Here is a YouTube intro by Cincom's James Robertson in his series "Smalltalk for you"

Saturday, November 6, 2010

PET Deception and deep subjectivity in science

Perhaps more interesting than PET scans and the intent to engender a view of oneself in the perceptions of others, would be PET scans and persons in partisan conflict achieving intersubjectivity and a measure of humility and some genuine interest in understanding the others and feeling understood oneself.

The effort to understand, the effort to be understood and the distance that always remains.

And here I thought that intersubjectivity and friction was not amenable to Galilean experiment.

Mars: "If two irregular marbles named Phobos and Deimos are rolling down a smooth inclined plane and one feels dissed by the other, will the experimenter take note?"

Venus: "It depends on whether she is observing with a suitable spyglass."

Friday, November 5, 2010

Seven Languages and a few questions

Pragmatic Programmer has published Bruce Tate's Seven Languages.  I have some reservations.

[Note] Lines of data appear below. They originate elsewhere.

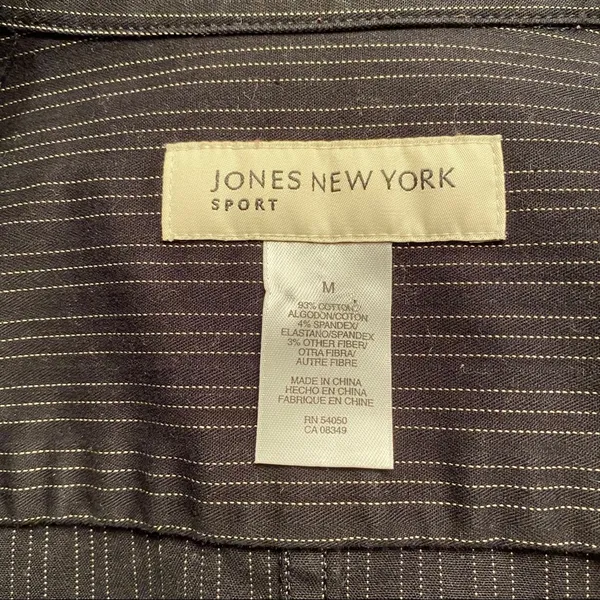Jones New York|| Black /white striped jacket - Image 5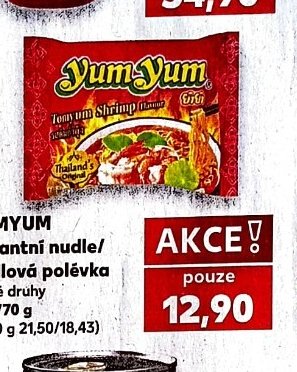 YumYum Instantní nudle / Nudlová polévka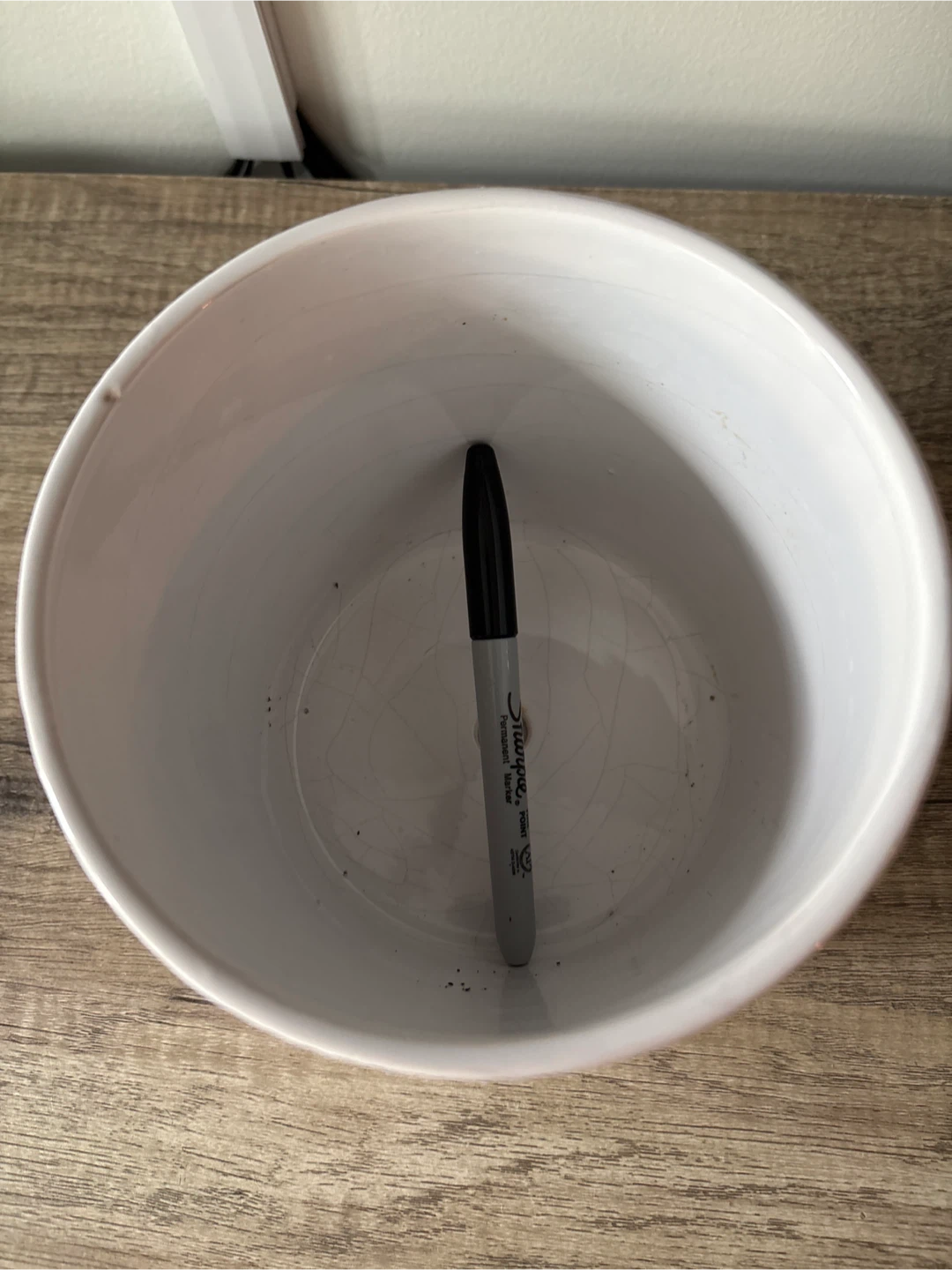 White Plant Pot with Saucer #Cleanout - photo 2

The languages are Clojure, Haskell, Io, Prolog, Scala, Erlang, and Ruby.  Looks cool.  But look again.

Clojure is something of a Lisp reincarnate.  Io and Ruby are botrh Smalltalk in another guise: Ruby is Smalltalk in files à la Perl; Dekorte's Io is Smalltalk-2 (Self) + actor (but not morphic - for which see one brand of Squeak Smalltalk.)

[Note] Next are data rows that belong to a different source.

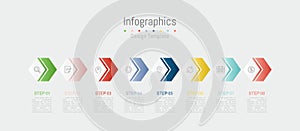 Infographic 8 options design elements for your business data. Vector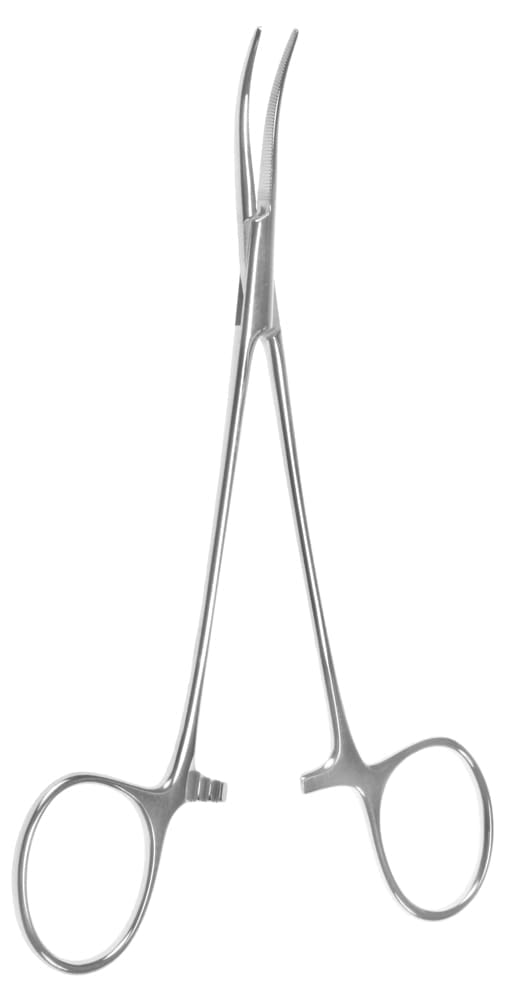 5 1/2" Vascular Forceps - curved jaw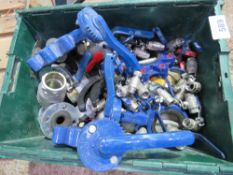 BOX CONTAINING PIPE AND GATE VALVES, UNUSED. THIS LOT IS SOLD UNDER THE AUCTIONEERS MARGIN SCHEME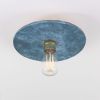 Bog Oak Organic Ceramic Disc Ceiling Light, Blue Earth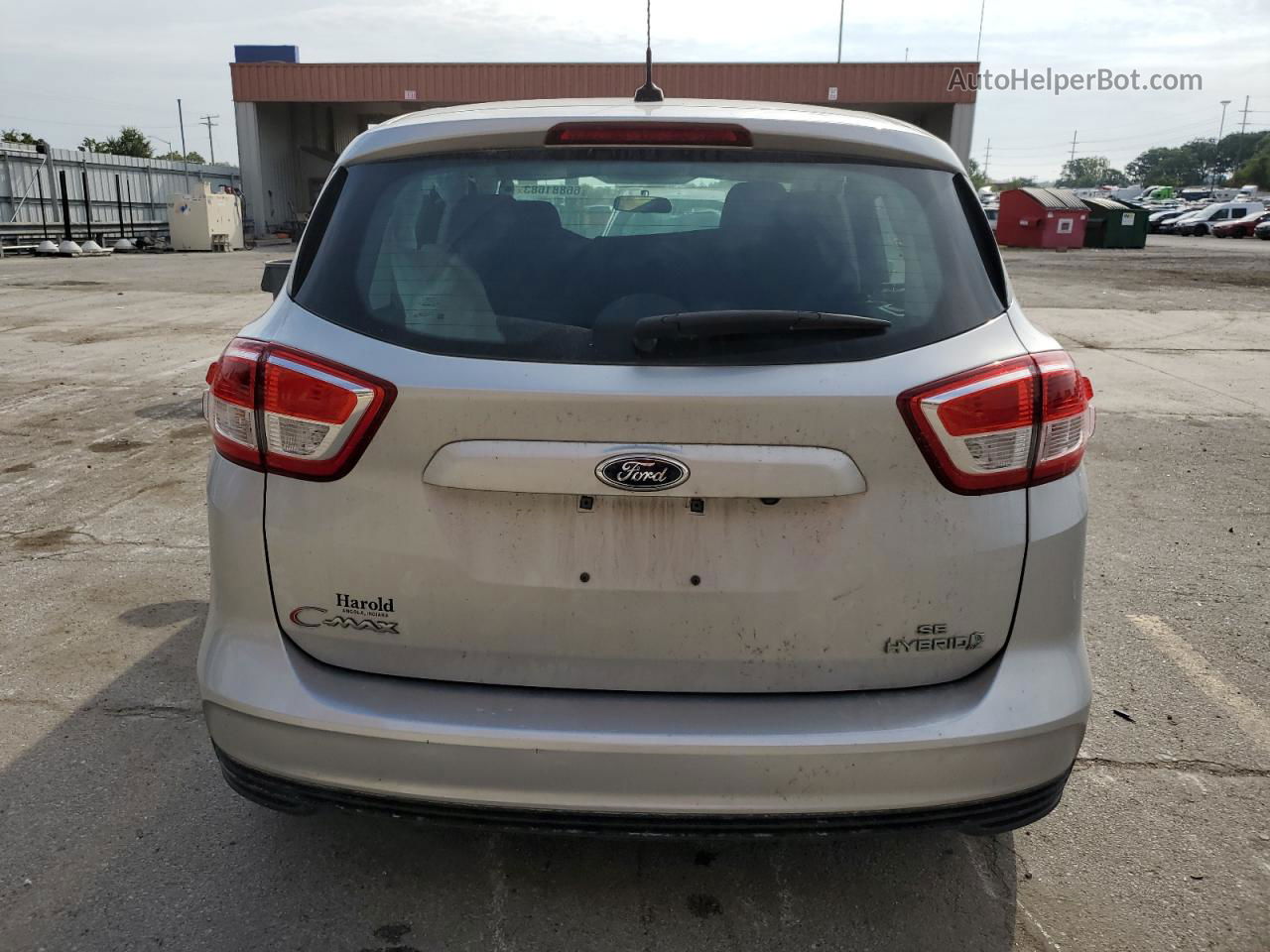 2017 Ford C-max Se Silver vin: 1FADP5AU1HL117887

Erlang is best understood as Prolog reduced.  So what would have been beyond 1974 Prolog? Oz.  Or Mercury.  Or XSB.  Or think outside the box with a chapter on Logtalk instead.

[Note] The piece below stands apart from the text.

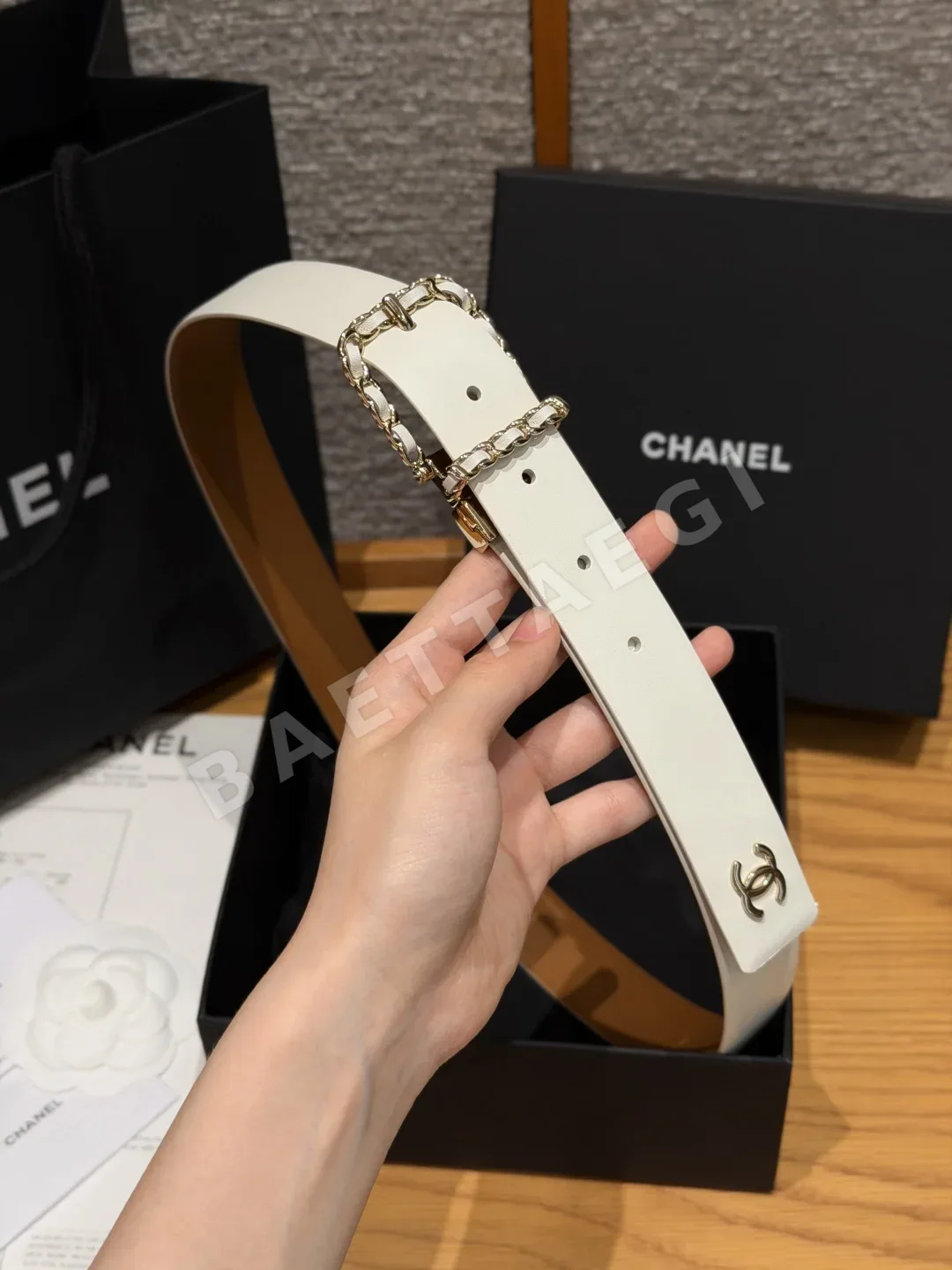샤넬 카프스킨 양면 체인 벨트 상세 이미지 9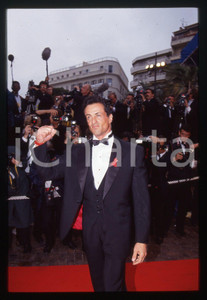 Fotografia d epoca originale Sylvester STALLONE  FESTIVAL CINEMA CANNES 1997 35 mm vintage slide 3 1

Scala Traits come from Squeak Smalltalk, btw.

I have no quarrel with Haskell being there, though some would argue for OCaml.

But if LISP is not there, what is Prolog doing there?  Why not JESS or Drools instead?  And not a single expression-based language (Rebol, ICON/UNICON ( and now ObjectIcon and Converge) or MIT Curl, the language (ww.curl.com.)

With Ruby there, we at least have a reminder that performance matters - so maybe it should have been JRuby.  But I can imagine how Pythonists might feel incensed.

I would suggest 12 languages in 12 months or 3 languages in 3 months.

Take a moment to look at the comments on the Prolog N-Queens code.  Is Tate claiming that the two files in question are his copyrighted code?  Compare the ICON code for N-Queens and ask whether you wouldn't be better looking there for an alternative language on your shelf.  And Rebol 3 is really starting to take shape over at Rebol.net, Rebol.org and Rebol.com

Most CS folks recall the course in which they were required to do some Prolog.  But would they skip a chapter on JESS or Logtalk?

The real story in Prolog in the past 25 years is constraint resolution, and that can be seen best in Oz.  But the reader will have to use emacs.  Oops.

I don't mean to knock Amzi! Prolog for Eclipse or many of the excellent Prolog projects such as swi-prolog.org (now with UNICODE and constraint-handling rules) but I would argue that what makes SWI interesting is Logtalk - and if there is RDF in the picture, that points to XSB.

Clojure, Haskell, Io, XSB, Scala, Erlang, JESS and JRuby in 8 weeks.  Ok, now I'm more likely to recommend a book.

"Clojure, F#, Io, Oz, Scala, Erlang, and JRuby in 7 months".  Call it "between vacations reading-and-testing-and-coding-and-designing".  And you would have my attention.

And whatever became of Tcl ( it only gave us Tk, Expect, Sqlite and now TclOO.)  Oops.

Oh, and Mercury now generates Erlang in addition to C or Java.

Isn't concurrency coming to UNICON?  Isn't Oz now distributed Oz?  Isn't ObjectIcon at code.google.com/p/objecticon
Oh - right.  The cool factor.  And Smalltalk itself - after giving us so much and then the RefactoringBrowser and then UnitTest and pair-programming and eXtreme Programming and the wiki at c2.com ... is not yet cool again.  Might as well wait for Hermes2 on a non-Linux OS.
Oh - and Rebol is already PEG-equivalent at 300+ Kb core running with a claim to a whole 15 Mb of working memory.  Hmmm.